_What you should do_
Among the records below, find the line that has "11 Piece Garden"; from there, give the lines again exactly, and stop after the line that has "HERITAGE WINERY CHARDONNARY".

_Input for this task_
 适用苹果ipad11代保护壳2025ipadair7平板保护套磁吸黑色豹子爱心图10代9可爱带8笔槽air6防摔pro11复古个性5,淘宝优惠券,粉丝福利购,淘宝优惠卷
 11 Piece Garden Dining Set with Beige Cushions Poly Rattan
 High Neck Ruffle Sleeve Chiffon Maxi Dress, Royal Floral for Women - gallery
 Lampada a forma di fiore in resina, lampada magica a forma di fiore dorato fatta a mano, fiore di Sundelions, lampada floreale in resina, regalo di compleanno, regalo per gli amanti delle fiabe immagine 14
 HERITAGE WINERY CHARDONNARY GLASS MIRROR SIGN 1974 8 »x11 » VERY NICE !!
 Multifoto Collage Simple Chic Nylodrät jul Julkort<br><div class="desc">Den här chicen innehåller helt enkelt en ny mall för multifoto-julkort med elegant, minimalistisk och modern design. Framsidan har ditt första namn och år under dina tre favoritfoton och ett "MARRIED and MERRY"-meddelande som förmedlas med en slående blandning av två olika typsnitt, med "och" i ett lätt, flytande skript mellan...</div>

_Exercise response_
 11 Piece Garden Dining Set with Beige Cushions Poly Rattan
 High Neck Ruffle Sleeve Chiffon Maxi Dress, Royal Floral for Women - gallery
 Lampada a forma di fiore in resina, lampada magica a forma di fiore dorato fatta a mano, fiore di Sundelions, lampada floreale in resina, regalo di compleanno, regalo per gli amanti delle fiabe immagine 14
 HERITAGE WINERY CHARDONNARY GLASS MIRROR SIGN 1974 8 »x11 » VERY NICE !!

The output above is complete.